Nicholas M Taylor¹, Georgia A Pilkington¹, Tim Snow¹, Peter J Dowding², Beatrice N Cattoz², Andrew D Schwarz², Oier Bikondoa³, Brian Vincent¹, Wuge H Briscoe⁴

Affiliations

¹ School of Chemistry, University of Bristol, Cantock's Close, Bristol BS8 1TS, UK.
² Infineum UK Ltd, Milton Hill Business and Technology Centre, Abingdon, Oxon OX13 6BB, UK.
³ XMaS, The UK CRG Beamline, European Synchrotron Radiation Facility (ESRF), 71 Avenue des Martyrs, 38043 Grenoble, France; Department of Physics, University of Warwick, Gibbet Hill Road, Coventry CV4 7AL, UK.
⁴ School of Chemistry, University of Bristol, Cantock's Close, Bristol BS8 1TS, UK. Electronic address: wuge.briscoe@bristol.ac.uk.

PMID: 37804612
DOI: 10.1016/j.jcis.2023.09.146

Abstract

Optimization of boundary lubrication by tuning the confined molecular structures formed by surface-active additives such as surfactants and polymers is of key importance to improving energy efficiency in mechanical processes. Here, using the surface forces apparatus (SFA), we have directly measured the normal and shear forces between surface layers of a functionalised olefin copolymer (FOCP) in n-dodecane, deposited onto mica using the Langmuir-Blodgett (LB) technique. The FOCP has an olefin backbone decorated with a statistical distribution of polar-aromatic groups, with a structure that we term as "centipede". The effect of lateral confinement, characterised by the surface pressure, Π_dep, at the air-water interface at which the LB films are transferred, was examined. Normal force profiles revealed that the thickness of the LB films increased significantly with Π_dep, with the film thickness (t > 20 nm) inferring a multi-layered film structure, consistent with the interfacial characterisation results from synchrotron X-ray reflectivity (XRR) measurements. The coefficient of friction, µ, between the LB films spanned two orders of magnitude from superlubricity (µ ∼ 0.002) to much higher friction (µ > 0.1) depending nonlinearly on Π_dep, with the lowest friction observed at the intermediate Π_dep. Molecular arrangement upon LB compression leads to the multilayer film with a structure akin to an interfacial gel, with transient crosslinking facilitated by the intra- and inter-molecular interactions between the functional groups.
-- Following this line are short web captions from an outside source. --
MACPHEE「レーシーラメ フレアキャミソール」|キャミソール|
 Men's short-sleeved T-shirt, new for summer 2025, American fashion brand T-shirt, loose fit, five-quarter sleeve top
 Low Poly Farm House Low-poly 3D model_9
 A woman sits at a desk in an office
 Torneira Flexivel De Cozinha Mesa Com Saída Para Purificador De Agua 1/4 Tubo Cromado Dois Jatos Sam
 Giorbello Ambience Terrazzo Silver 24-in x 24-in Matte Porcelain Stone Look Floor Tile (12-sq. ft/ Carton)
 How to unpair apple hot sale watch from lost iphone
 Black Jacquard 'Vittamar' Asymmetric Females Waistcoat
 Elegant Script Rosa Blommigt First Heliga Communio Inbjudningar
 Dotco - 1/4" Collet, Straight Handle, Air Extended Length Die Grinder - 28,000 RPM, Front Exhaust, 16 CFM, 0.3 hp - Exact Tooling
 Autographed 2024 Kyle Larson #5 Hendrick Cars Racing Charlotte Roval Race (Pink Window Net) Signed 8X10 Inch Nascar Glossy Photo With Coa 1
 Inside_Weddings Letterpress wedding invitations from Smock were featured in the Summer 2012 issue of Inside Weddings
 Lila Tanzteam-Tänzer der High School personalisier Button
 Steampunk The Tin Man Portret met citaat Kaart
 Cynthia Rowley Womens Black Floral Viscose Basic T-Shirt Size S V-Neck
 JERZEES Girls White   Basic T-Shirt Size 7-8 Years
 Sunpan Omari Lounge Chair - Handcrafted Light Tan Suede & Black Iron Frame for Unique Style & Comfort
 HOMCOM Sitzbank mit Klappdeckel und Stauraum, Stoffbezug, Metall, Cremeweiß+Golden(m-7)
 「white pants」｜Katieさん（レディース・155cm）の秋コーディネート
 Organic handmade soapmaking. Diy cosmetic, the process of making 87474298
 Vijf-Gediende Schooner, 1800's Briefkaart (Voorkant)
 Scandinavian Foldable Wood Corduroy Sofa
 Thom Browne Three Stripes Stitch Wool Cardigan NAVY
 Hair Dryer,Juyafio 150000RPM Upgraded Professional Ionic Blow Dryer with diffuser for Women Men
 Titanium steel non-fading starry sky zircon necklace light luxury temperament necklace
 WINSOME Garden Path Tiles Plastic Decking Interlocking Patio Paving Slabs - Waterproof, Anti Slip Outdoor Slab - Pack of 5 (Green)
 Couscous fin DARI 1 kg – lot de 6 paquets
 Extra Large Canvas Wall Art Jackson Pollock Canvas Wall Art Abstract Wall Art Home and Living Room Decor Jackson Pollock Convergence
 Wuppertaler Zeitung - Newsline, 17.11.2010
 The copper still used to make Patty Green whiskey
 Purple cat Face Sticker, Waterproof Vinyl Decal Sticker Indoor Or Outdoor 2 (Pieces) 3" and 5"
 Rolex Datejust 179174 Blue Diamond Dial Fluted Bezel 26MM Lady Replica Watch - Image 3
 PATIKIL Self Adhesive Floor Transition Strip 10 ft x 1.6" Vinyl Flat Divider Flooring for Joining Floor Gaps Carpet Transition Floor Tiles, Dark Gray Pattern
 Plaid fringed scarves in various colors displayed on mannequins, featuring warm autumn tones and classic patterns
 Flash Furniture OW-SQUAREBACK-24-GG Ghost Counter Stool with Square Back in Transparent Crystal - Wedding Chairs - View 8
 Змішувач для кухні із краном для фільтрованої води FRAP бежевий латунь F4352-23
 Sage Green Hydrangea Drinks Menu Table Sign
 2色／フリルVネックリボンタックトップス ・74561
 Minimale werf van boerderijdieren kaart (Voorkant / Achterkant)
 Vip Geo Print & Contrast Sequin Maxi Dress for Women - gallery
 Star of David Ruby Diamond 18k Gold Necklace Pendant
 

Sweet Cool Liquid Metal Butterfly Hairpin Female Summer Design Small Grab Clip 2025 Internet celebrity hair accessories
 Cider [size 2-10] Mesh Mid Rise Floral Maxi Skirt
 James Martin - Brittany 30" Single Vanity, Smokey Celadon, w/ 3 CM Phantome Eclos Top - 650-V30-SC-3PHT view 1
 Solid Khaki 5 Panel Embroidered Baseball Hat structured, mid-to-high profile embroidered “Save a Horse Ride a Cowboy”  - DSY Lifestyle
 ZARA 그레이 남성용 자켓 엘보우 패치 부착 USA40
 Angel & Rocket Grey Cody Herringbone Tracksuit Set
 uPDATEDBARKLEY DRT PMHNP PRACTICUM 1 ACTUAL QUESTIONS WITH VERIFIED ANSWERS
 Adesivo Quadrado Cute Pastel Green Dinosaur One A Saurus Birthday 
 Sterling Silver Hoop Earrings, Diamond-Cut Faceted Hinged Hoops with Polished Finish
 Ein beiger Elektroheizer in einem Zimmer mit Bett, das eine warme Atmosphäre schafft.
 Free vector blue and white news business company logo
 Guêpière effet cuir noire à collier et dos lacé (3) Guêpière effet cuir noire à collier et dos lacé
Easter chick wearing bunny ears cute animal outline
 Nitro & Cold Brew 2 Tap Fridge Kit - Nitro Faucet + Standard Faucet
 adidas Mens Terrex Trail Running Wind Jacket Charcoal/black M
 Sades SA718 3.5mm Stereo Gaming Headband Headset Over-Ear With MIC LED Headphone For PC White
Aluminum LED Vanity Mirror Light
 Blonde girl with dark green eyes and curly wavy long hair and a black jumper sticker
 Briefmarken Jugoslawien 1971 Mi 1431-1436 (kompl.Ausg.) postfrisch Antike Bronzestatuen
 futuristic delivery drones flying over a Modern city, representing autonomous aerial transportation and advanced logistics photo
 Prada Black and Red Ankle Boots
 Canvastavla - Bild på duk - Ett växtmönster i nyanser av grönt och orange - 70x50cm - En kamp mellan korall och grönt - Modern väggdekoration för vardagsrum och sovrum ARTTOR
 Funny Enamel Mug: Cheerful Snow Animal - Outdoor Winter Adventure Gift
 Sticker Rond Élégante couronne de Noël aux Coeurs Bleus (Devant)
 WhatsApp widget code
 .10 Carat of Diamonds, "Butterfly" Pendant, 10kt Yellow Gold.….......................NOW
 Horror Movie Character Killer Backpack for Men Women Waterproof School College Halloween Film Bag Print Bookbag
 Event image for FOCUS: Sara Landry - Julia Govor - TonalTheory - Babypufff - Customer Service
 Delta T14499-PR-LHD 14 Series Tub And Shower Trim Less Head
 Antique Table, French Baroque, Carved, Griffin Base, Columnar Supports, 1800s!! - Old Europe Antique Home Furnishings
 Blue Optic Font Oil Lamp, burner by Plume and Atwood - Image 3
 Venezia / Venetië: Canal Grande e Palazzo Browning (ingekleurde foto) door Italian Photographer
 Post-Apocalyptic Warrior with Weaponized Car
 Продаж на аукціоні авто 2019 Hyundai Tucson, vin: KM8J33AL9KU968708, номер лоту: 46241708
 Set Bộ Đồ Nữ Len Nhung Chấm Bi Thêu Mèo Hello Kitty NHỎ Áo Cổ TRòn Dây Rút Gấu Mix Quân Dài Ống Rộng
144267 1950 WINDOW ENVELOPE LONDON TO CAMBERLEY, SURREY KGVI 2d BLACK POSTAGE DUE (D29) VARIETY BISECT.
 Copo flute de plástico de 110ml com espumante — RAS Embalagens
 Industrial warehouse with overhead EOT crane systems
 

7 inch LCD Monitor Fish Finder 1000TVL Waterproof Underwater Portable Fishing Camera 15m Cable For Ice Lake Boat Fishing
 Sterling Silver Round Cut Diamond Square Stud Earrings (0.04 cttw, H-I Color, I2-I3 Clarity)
We attribute the differences in frictional behaviour to the different prevalence of the FOCP functional groups at the lubricating interface, which depends sensitively on the degree of compression at the air-water interface prior to the LB deposition. The LB films remain intact after repeated compression (up to pressures of 10 MPa) and shear cycles, indicating strong surface anchorage and structural robustness as a load-bearing and shear-mediating boundary layer. These unprecedented results from the friction measurements between LB films of a statistical copolymer in oil point towards new strategies for tailoring macromolecular architecture for mediating efficient energy dissipation in oil-based tribological applications.